S. This becomes even more frustrating as, one by one, the various rationales for the war are each exposed as the mendacious house of cards we also highly suspected they were at the time.

Weapons of Mass Destruction? Here is this from U.S.'s own weapons inspector and chief of the Iraqi Survey Group David Kay in an interview last week with a private thinktank, The Arms Control Association:

ACT: Vice President Cheney recently said that there might still be weapons of mass destruction found in Iraq. Your mid-January report was obviously fairly skeptical of that possibility. Do you think he's being realistic? Do you think his comments are helpful?

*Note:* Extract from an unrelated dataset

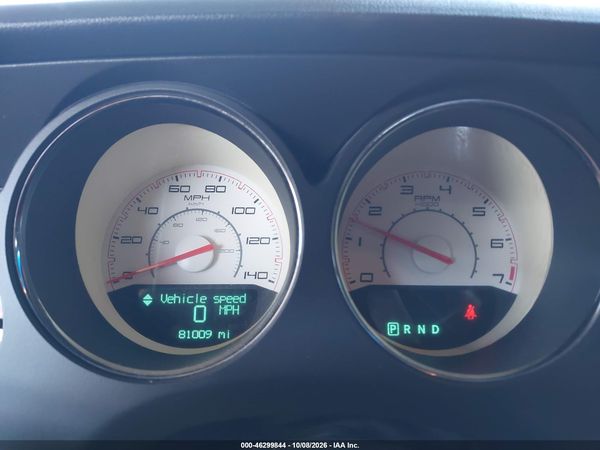 2014 DODGE CHALLENGER SXT — I7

Kay: What worries me about the vice president's statement is, I think people who hold out for a Hail-Mary pass--and lo and behold maybe we'll find that stockpile a year or two years out so everyone keeps searching-delay the inevitable looking back at what went wrong...It's a little like the analogy I sometimes use: in Apollo 13, if when the astronauts had said, "Houston, we have a problem," mission control had responded, "Well, you're only a third of the way to the moon. Why don't you keep going and we'll see how serious this problem is? And if and when you get there you don't make it, we'll investigate and we'll fix it for the next one."... I think you can read that statement of the vice president and say that he certainly is in denial and is holding hope that well, maybe the weapons will eventually be discovered. … I think most others at the working level recognize the correctness of the assessment that those weapons don't exist.

Terrorist connections? The only Al Qaeda connection to Iraq that has any credibility has been the group Ansar Al Islam, which was a Iranian backed group operating against the Northern Kurds and certainly not there with the blessing of the Baathist regime. There was simply no terrorist threat from Iraq, a country, by the way almost as nearly as high on the Al Qaeda hit list as the U.S.

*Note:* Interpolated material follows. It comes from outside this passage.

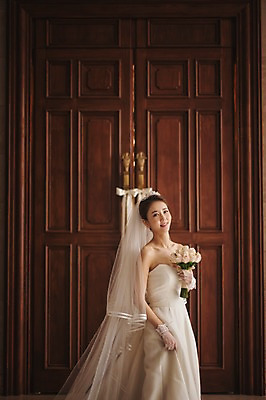 포토 JPG 여자 행복 신부 부케 웨딩드레스 결혼 실내 한명 서기 들기 상반신 성인 옆모습 30대 한국인 기념촬영 예식장 웨딩라이프 성인여자한명만 성인만 국내포토 1 라이프스타일 드레스 감정 뷰포인트 꽃다발 모션 사람 동양인 이벤트 내부 장년 사진촬영 공간 여자한명만 성인여자만 파일형식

Human Rights? Fine, if you want to make an argument that Saddam was a bad guy and needed to suck the pipe for various human rights violations, sure. But how many other countries could that be said of? Why aren't we invading them?

In fact... why are we actually negotiating with states we know sponsor terrorism, such as Pakistan, Libya and Syria?

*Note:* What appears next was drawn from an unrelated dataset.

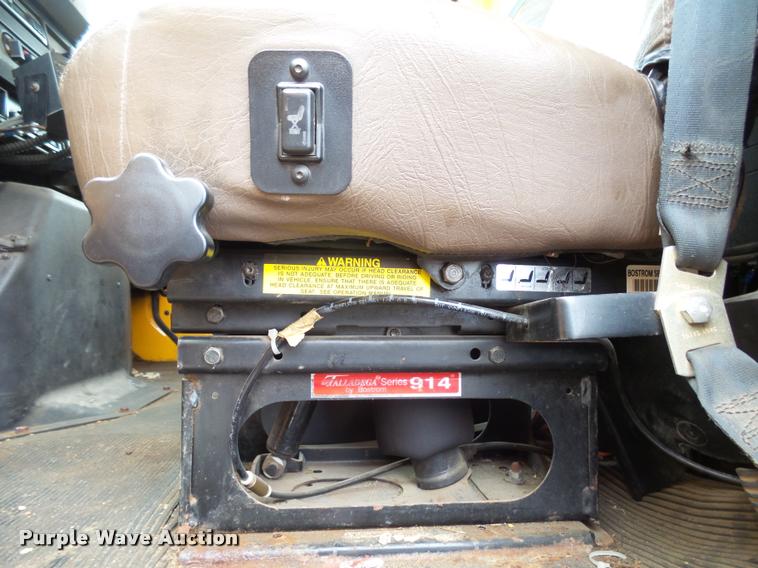 image for item AL9018 1995 International 4700 dump truck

There is no consistency to our foreign policy, and about all we have managed to accomplish since 9/11 is the reinforcement of every negative stereotype of America and Americans that has ever graced the editorial cartoons and coffeehouse conversations of the rest of the world. It is time for Americans to understand that our foreign policy is a disaster that will only lead to further violence against Americans.

Thanks W, thanks for drawing that big bullseye on me, if I ever want to travel the world...thanks a lot for that...

WE’RE SO NOT COOL!
J. And while we're on the subject of missed moments, Yasser Arafat and George W. Bush have one thing in common -- when the call to historical significance came, they both were unable to get to the phone. In Arafat's case, he simply could not reach out and grasp what was being offered in the 90s during talks brokered by then-President Clinton.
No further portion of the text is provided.